## What needs to be done
Only the stretch of the listing below that runs from the line with "Earle House Serviced Apartments" through the line with "Sergio Ramos no" is to be printed, exactly and with both ends.

## Material for this exercise

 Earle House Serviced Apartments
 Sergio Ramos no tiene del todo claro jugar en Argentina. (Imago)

* * *

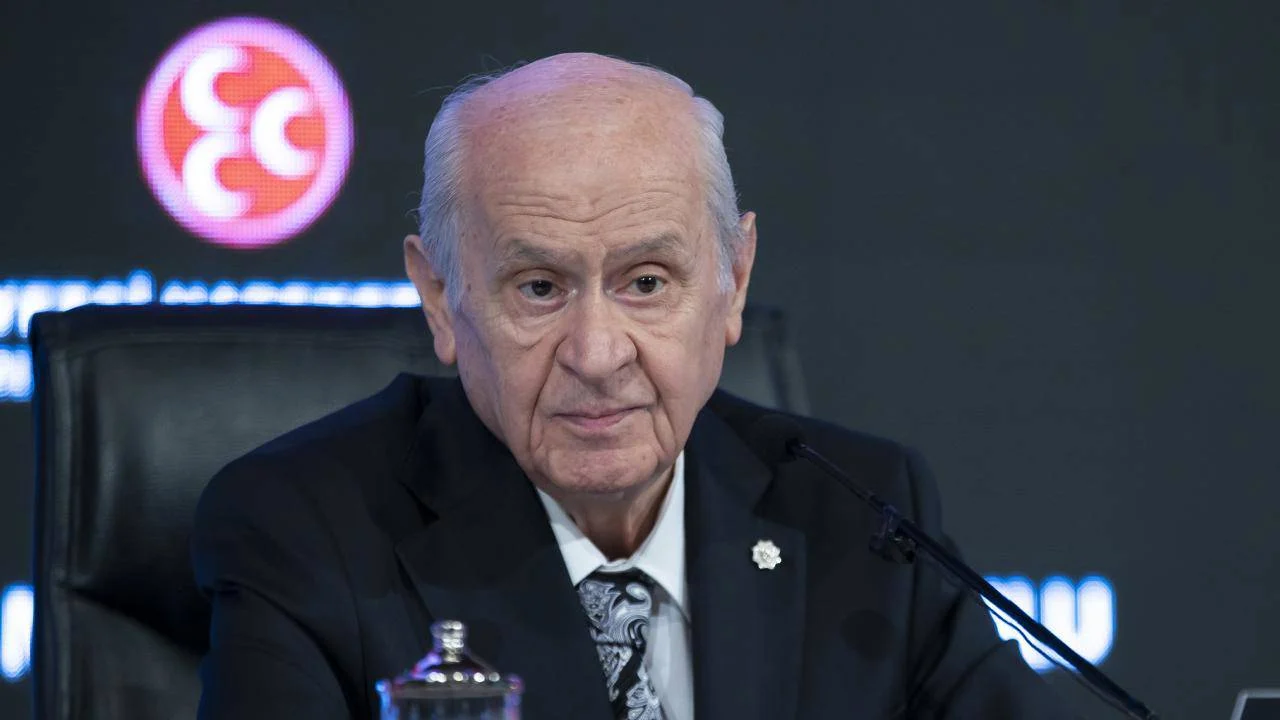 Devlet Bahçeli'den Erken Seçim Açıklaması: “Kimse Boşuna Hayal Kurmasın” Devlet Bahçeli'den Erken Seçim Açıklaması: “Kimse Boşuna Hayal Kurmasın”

...

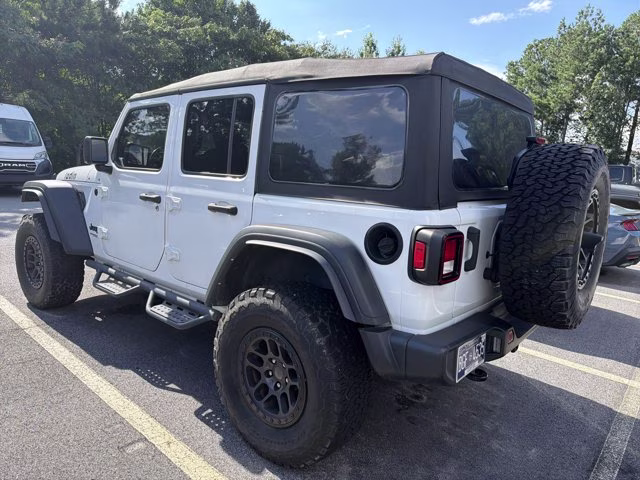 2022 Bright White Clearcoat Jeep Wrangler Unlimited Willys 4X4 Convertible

## Exercise answer
 Earle House Serviced Apartments
 Sergio Ramos no tiene del todo claro jugar en Argentina. (Imago)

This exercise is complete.